FANGORIA: What’s the most exciting aspect of returning to HANNIBAL for season three?
MADS MIKKELSEN: The excitement for any TV show coming back to something is always that we do not exactly know what it is. There’s always been a tendency to stir things up in the third season of a TV show; to try to create something new based on what we have. The first two seasons are always going hand in hand. Everybody knows that the third one is probably going to be slightly different. It has been the case on this one. Its exciting to see your friends and your colleagues and then just see what Bryan Fuller has stirred up, which is complete madness this time.
FANGORIA: What exactly was different this time?
MIKKELSEN: We have not had a lot of intimate conversations; it’s been a little more outgoing. Maybe a little more liberated. There are some crazy characters, and some crazy things are happening, so that’s been a change.
FANGORIA: Can you tell us something about Hannibal’s relationship to Will, because it seems to be different than in previous seasons?

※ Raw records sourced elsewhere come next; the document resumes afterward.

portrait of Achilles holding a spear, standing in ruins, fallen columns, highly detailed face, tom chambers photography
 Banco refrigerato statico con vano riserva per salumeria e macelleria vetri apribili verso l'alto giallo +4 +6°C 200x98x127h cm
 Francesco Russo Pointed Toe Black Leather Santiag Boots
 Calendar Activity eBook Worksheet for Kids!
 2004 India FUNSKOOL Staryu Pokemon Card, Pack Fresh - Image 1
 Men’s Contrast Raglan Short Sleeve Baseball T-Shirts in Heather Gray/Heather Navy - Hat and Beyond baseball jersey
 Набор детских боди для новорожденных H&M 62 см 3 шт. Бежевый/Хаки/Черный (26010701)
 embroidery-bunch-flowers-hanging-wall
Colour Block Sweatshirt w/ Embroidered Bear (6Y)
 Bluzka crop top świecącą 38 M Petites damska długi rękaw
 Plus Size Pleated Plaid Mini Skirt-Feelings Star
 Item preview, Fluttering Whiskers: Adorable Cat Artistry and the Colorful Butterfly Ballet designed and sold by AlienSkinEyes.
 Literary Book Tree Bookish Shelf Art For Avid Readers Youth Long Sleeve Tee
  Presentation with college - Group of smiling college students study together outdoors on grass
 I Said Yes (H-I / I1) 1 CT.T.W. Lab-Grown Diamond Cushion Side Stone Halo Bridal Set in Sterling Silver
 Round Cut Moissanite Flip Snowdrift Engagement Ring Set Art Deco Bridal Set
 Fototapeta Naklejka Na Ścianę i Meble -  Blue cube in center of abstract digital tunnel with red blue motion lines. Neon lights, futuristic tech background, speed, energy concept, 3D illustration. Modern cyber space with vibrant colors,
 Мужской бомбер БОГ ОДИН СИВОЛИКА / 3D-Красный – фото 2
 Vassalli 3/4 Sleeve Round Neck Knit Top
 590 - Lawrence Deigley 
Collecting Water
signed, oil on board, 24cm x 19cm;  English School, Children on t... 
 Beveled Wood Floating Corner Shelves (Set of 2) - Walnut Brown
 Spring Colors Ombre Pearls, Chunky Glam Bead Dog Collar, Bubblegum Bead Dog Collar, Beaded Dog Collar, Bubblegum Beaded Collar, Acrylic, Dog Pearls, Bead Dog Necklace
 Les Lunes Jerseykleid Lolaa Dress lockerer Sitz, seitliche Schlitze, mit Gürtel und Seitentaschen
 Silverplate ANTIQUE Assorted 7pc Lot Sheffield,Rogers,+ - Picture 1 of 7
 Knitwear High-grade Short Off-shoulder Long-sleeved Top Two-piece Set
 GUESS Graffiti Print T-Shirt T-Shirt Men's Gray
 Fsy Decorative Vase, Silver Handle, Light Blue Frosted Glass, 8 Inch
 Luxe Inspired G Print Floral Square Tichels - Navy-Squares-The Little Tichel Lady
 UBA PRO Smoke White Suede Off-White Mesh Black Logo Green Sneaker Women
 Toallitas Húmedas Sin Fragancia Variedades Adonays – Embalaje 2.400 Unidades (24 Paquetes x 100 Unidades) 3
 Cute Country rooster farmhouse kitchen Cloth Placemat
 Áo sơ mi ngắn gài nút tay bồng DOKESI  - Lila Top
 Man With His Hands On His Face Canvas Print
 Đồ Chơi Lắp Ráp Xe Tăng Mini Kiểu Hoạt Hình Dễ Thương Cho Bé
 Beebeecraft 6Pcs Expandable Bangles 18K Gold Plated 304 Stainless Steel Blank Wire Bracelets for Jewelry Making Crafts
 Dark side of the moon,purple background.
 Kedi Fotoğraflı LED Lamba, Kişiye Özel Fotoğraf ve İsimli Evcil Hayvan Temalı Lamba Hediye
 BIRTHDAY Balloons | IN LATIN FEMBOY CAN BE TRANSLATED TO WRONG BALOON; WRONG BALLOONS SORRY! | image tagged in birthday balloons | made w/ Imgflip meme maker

MIKKELSEN: Will is always a tricky thing, because in many ways that was the ultimate ending of our relationship in the second season. To try to figure out how can they go on from there has been a challenge of course, but in Will’s world, it’s double sided, right?
FANGORIA: We’ve never seen Hannibal in a leather jacket on a motorcycle before on the series. How has he changed as a character in season three?
MIKKELSEN: Yeah, Hannibal. It’s a little tricky. I mean, we are luring you guys into believing that is the whole third season. It’s a little part of his life where he’s wearing that. He’s pretty good at being undercover in the sense of taking other people’s identities and that is somebody else’s identity he’s wearing at that point.
It was fun to do, definitely. People who were on the show for the first time and was only for that scene had no idea what was going on, because I was basically not the Hannibal they knew, right? So it was fun.
FANGORIA: As an actor is that fun to portray different sides of this Hannibal character?
MIKKELSEN: It’s always fun when we play multifaceted characters and I think he is one of the most multifaceted characters I’ve ever done because it is very, very hard to predict when he’s honest and dishonest while he’s doing the various things he is doing. So he is one of the most fun characters to give life to.
FANGORIA: What’s your favorite thing about playing Hannibal?
MIKKELSEN: Many things. I mean, as I just mentioned, the character himself is very hard to predict, which is fun for an actor as well as my wonderful colleagues, who I’ve worked with for over three years now. Bryan Fuller constantly surprises us with ideas that makes us happy, and I’m grateful that he is a writer and not roaming the streets with his crazy ideas. He’s the engine and the gasoline on the show.
FANGORIA: Three years ago, was it hard to take this role?
MIKKELSEN: Yeah, absolutely. It’s not a secret that you are walking in some giant shoes since a couple of people have done it to perfection. We also knew that we were doing something quite different. We also knew that we would get hell on earth for it from some and other people would embrace it. But, I think we have proven that we have our own right to be doing what we are doing. It took a little while for some of the critics, but quite a few of them have surrendered, and that makes us really proud.
FANGORIA: Is there something about Hannibal that you would love to have in real life, as in his behavior or skills?
MIKKELSEN: Well the ability to embrace life as he does is quite fascinating, and unfortunately, embrace death as well.
FANGORIA: Do you ever read the script and feel like anything is too much?
MIKKELSEN: No. I never feel like it’s too much in the sense of like crossing a border where we offend people. That does not exist in my world. I mean, the more we can cross [that border], the better the show is. It can be wrong. Certain things can be like, “I don’t think that feels right for the show, or feels right for that specific situation,” but never too much. No.